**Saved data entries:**
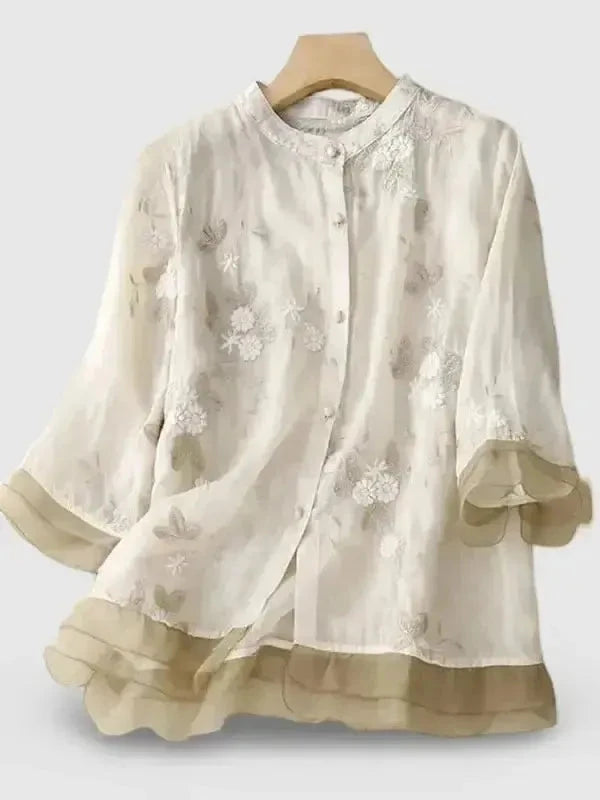 Lumina Vancouver Art Retro Embroidery 3/4 Sleeve Patchwork Shirt in apricot with vintage-inspired embroidery and unique design.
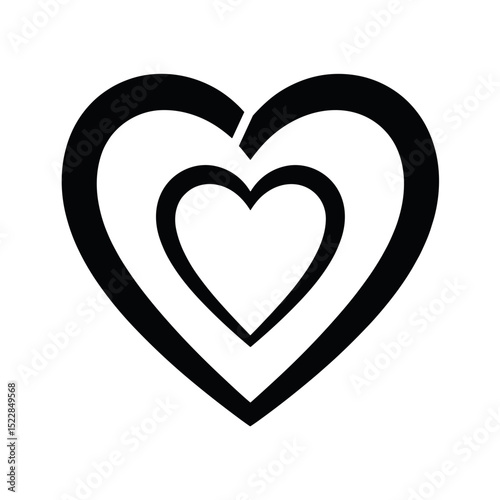 Symbolic heart design with three concentric hearts. Simple heart illustration shows three layered hearts, perfect for expressing love, remembrance, or sympathy.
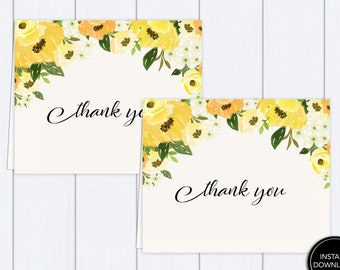 Yellow Floral Thank you card printable download: "YELLOW THANK YOU" with yellow, cream, rose, roses, thank you card, honeybee party supplies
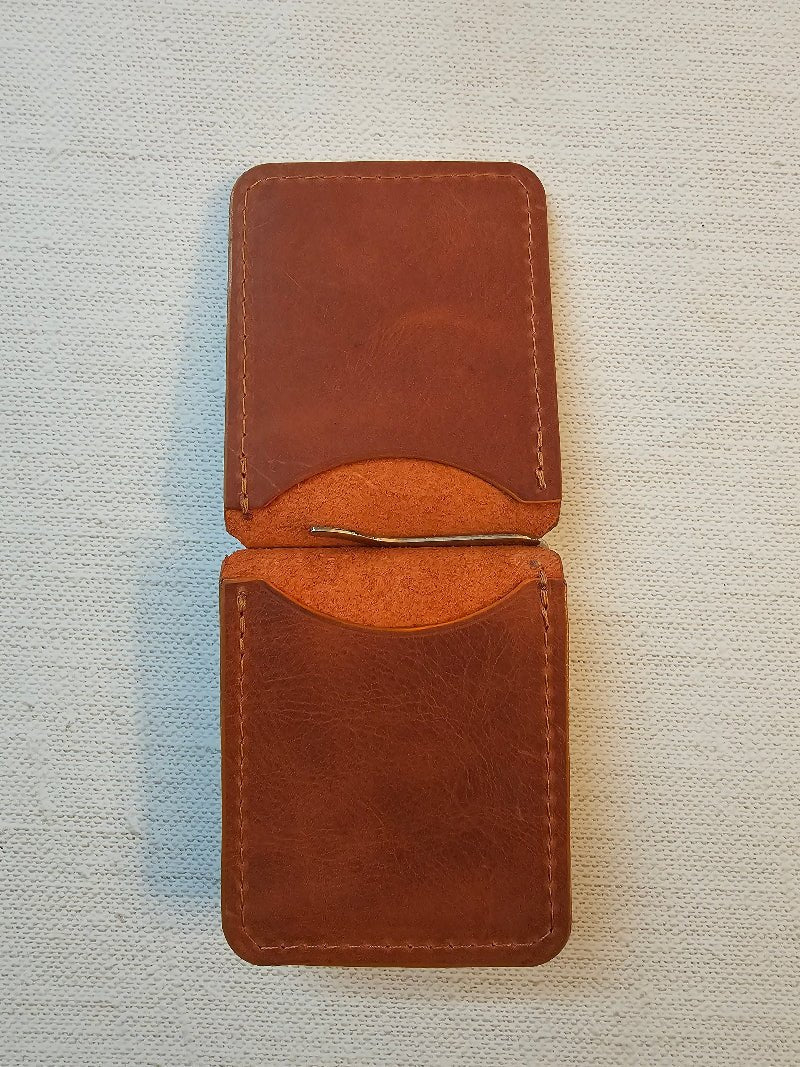 Handcrafted Leather Money Clip -Peach | Premium Full-Grain Leather | Tad Leathers"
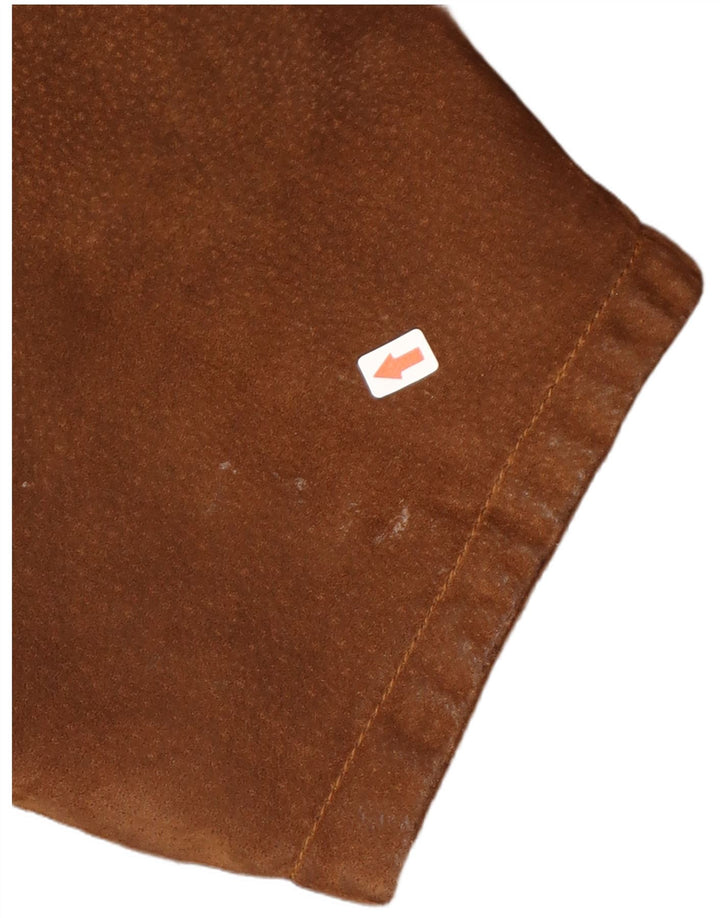 Casaco corta-vento feminino vintage de camurça com capuz grande IT 46 marrom grande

**Exercise:** Please print the data above once more, exactly and without images.

**Task answer:**
 Lumina Vancouver Art Retro Embroidery 3/4 Sleeve Patchwork Shirt in apricot with vintage-inspired embroidery and unique design.
 Symbolic heart design with three concentric hearts. Simple heart illustration shows three layered hearts, perfect for expressing love, remembrance, or sympathy.
 Yellow Floral Thank you card printable download: "YELLOW THANK YOU" with yellow, cream, rose, roses, thank you card, honeybee party supplies
 Handcrafted Leather Money Clip -Peach | Premium Full-Grain Leather | Tad Leathers"
 Casaco corta-vento feminino vintage de camurça com capuz grande IT 46 marrom grande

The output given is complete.